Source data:
*****
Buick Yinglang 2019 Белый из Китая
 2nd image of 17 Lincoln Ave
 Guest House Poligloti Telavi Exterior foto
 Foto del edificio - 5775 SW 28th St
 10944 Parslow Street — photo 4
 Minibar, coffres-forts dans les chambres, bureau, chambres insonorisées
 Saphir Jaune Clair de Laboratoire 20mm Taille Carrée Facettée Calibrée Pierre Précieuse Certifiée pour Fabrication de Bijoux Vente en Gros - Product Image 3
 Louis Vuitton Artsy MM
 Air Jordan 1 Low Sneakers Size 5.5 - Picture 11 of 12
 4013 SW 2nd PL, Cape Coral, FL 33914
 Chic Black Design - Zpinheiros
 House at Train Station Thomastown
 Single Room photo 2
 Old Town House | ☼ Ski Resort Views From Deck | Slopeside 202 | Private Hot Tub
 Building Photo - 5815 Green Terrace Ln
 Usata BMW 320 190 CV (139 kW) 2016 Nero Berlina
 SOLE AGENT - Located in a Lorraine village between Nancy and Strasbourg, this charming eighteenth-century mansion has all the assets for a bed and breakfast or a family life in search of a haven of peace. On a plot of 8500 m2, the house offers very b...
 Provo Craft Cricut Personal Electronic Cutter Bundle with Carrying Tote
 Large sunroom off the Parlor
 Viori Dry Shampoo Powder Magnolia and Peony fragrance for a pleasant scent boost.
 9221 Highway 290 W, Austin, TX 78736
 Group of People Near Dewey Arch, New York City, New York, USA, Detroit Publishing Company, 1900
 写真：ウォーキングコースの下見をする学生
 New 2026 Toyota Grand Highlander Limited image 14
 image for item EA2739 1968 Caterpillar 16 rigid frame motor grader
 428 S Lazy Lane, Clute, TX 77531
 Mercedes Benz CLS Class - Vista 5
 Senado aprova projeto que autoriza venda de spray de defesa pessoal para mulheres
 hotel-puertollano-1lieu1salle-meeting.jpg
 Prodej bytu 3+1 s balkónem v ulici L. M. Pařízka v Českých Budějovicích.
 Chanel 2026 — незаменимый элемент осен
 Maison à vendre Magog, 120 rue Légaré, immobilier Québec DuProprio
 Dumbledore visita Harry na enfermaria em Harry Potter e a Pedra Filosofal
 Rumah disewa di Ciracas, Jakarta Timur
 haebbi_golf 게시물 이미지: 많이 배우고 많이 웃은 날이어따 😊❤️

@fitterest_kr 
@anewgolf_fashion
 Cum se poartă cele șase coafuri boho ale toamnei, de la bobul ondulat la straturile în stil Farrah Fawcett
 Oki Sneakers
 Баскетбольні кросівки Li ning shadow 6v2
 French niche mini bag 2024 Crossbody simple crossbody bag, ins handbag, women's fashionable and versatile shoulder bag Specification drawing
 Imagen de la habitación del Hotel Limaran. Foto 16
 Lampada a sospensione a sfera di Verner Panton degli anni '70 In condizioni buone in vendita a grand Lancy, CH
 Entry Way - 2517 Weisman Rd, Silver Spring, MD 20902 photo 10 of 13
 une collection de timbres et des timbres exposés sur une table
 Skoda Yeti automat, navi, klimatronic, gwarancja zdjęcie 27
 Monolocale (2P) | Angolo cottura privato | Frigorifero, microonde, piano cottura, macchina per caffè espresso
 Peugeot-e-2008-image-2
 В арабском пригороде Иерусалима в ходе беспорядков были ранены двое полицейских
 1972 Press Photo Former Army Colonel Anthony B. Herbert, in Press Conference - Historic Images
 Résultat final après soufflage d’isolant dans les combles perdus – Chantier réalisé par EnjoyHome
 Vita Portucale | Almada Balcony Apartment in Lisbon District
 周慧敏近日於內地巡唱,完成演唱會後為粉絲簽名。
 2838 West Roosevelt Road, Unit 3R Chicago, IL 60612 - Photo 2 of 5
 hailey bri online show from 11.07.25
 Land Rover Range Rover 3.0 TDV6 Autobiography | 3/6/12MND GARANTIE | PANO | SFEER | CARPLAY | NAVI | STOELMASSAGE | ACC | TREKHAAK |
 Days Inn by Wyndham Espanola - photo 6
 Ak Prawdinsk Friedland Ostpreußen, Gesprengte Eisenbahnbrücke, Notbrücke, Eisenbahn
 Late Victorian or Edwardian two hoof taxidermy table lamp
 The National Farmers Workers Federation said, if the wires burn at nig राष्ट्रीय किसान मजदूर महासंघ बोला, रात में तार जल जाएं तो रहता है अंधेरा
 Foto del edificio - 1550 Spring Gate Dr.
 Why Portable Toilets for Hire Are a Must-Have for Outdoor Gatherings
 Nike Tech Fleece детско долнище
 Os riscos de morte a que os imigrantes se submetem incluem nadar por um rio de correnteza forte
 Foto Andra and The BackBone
*****
▶ [To do]
For the lines above, output exactly those from the line containing "Usata BMW 320" through the line containing "hotel-puertollano-1lieu1salle-meeting.jpg", and skip the others.

▶ [Answer to the exercise]
 Usata BMW 320 190 CV (139 kW) 2016 Nero Berlina
 SOLE AGENT - Located in a Lorraine village between Nancy and Strasbourg, this charming eighteenth-century mansion has all the assets for a bed and breakfast or a family life in search of a haven of peace. On a plot of 8500 m2, the house offers very b...
 Provo Craft Cricut Personal Electronic Cutter Bundle with Carrying Tote
 Large sunroom off the Parlor
 Viori Dry Shampoo Powder Magnolia and Peony fragrance for a pleasant scent boost.
 9221 Highway 290 W, Austin, TX 78736
 Group of People Near Dewey Arch, New York City, New York, USA, Detroit Publishing Company, 1900
 写真：ウォーキングコースの下見をする学生
 New 2026 Toyota Grand Highlander Limited image 14
 image for item EA2739 1968 Caterpillar 16 rigid frame motor grader
 428 S Lazy Lane, Clute, TX 77531
 Mercedes Benz CLS Class - Vista 5
 Senado aprova projeto que autoriza venda de spray de defesa pessoal para mulheres
 hotel-puertollano-1lieu1salle-meeting.jpg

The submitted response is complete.